Tatjana Klimovica
Senior Consultant, Tax, PwC Latvia
A company’s shareholders in a general meeting may decide to pay a dividend once the annual accounts showing a profit have been approved. If the company’s articles of association provide for this, the Commerce Act permits an interim dividend to be declared and paid halfway through the financial year. This article explores the legislation and corporate income tax (CIT) treatment of dividends a Latvian branch pays to its foreign head office.
A Lithuanian company has a branch in Latvia that plans to distribute a profit. Is the branch allowed to pay a dividend halfway through the financial year before the profit for the year has been computed? What is the CIT treatment?
The legal framework
The branch is considered a separate domestic taxpayer under section 14(6) of the Taxes and Duties Act.
When profits are distributed in dividends, we should generally look at sections 161 and 161.1 of the Commerce Act, which describe how dividends (including interim dividends) may be computed and paid. However, this law does not deal with profit distributions in the case of foreign branches, so its provision for interim dividends is not binding on the branch.
Since the branch is taxable under section 2(1)(2) of the CIT Act, it must comply with the Act’s provision for computing CIT in a permanent establishment (PE).
CIT treatment
Section 1(8)(4) of the CIT Act states that any payment a PE makes to its non-resident head office, other than expenses the non-resident has necessarily incurred for the PE’s business, is a dividend equivalent.
In our case the payment made to the Lithuanian company does not qualify as an expense related to the branch’s business, so that is a dividend equivalent chargeable to CIT.

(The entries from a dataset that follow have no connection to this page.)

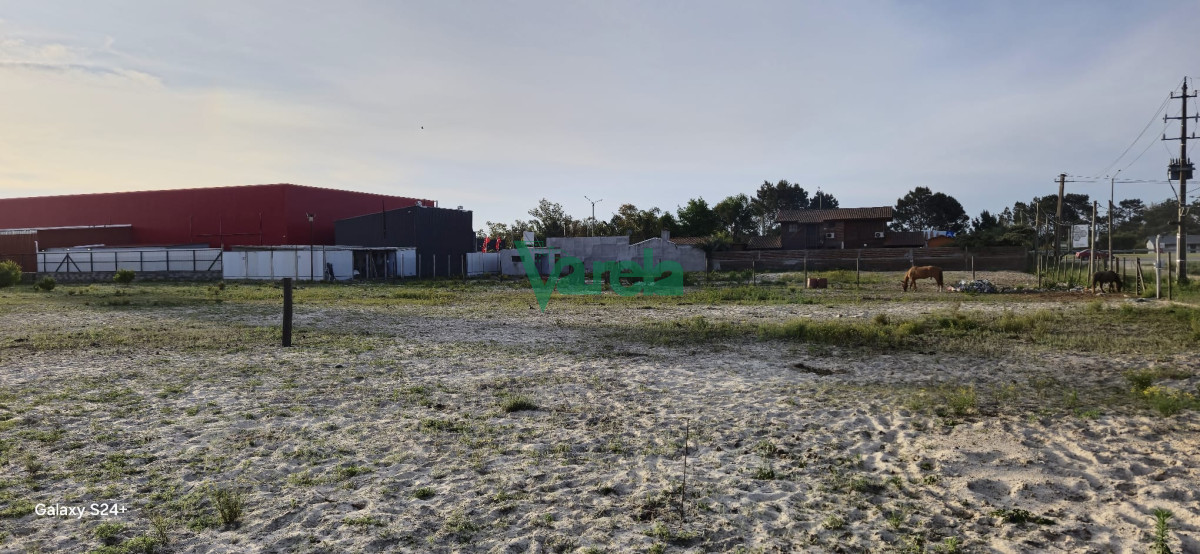 Terreno ID.22405 - Terreno de 7375 m2 en Balneario Las Toscas Sur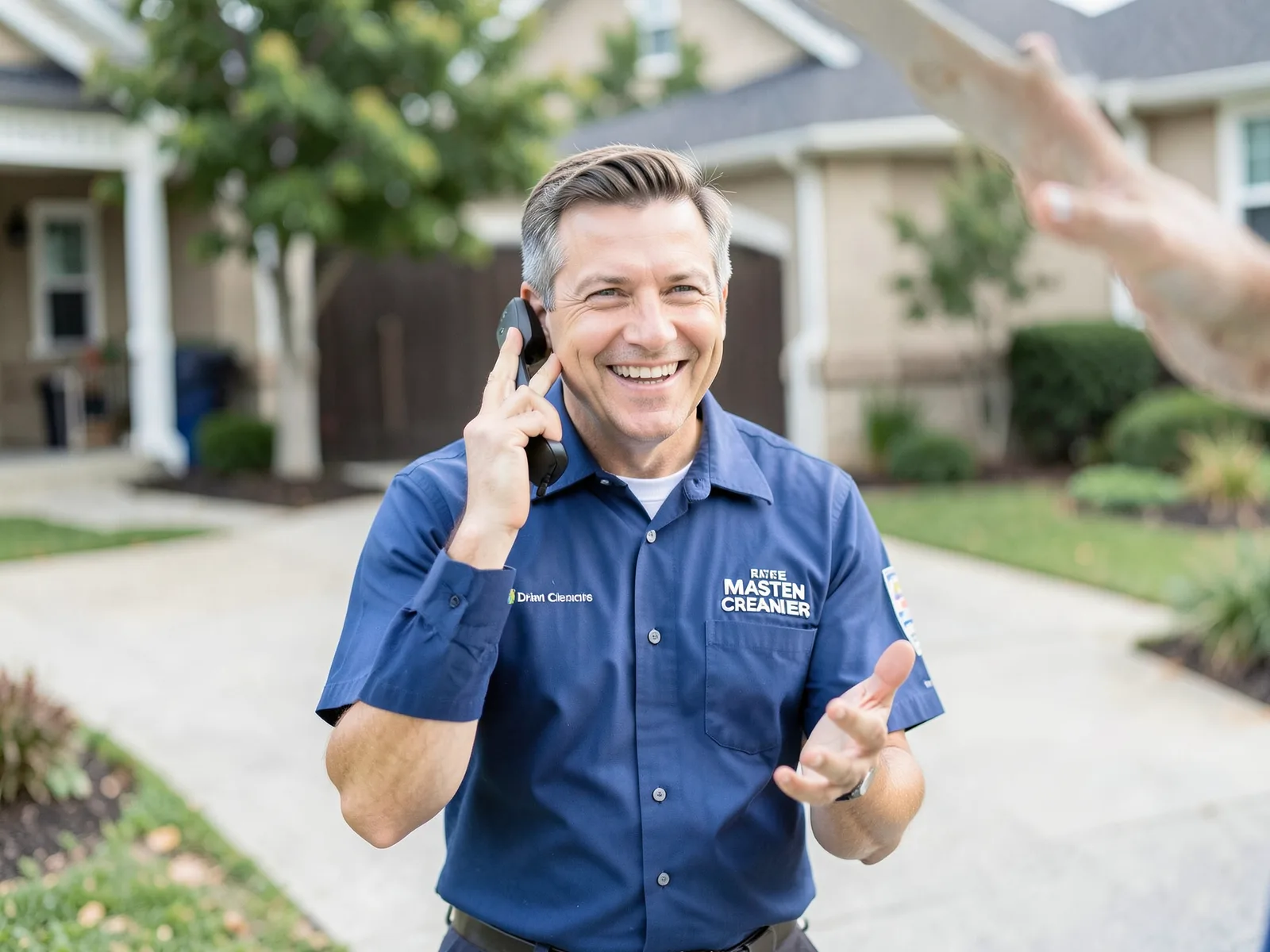 Drain Cleaning Arlington, AL FAQs
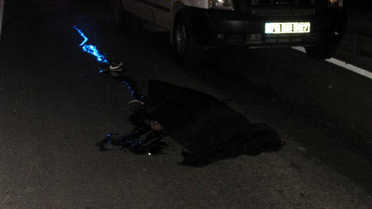 Arkadaşına Yardım İsterken Kendisi de Öldü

In summary, the Latvian branch is allowed to pay a dividend to the Lithuanian company halfway through the financial year. This will require the branch to include that dividend in the taxable base and charge a 25% CIT. Also, if the branch decides to use the dividend amount for settling mutual accounts with the Lithuanian company, instead of paying it out, CIT must be computed and paid before the set-off takes place.
In this situation you might also wonder if the CIT Act specifies when you have to report the dividend payout on the CIT return and charge the tax. The answer is yes. Section 4(13) of the CIT Act states the branch must report the dividend on the CIT return in the month it is paid.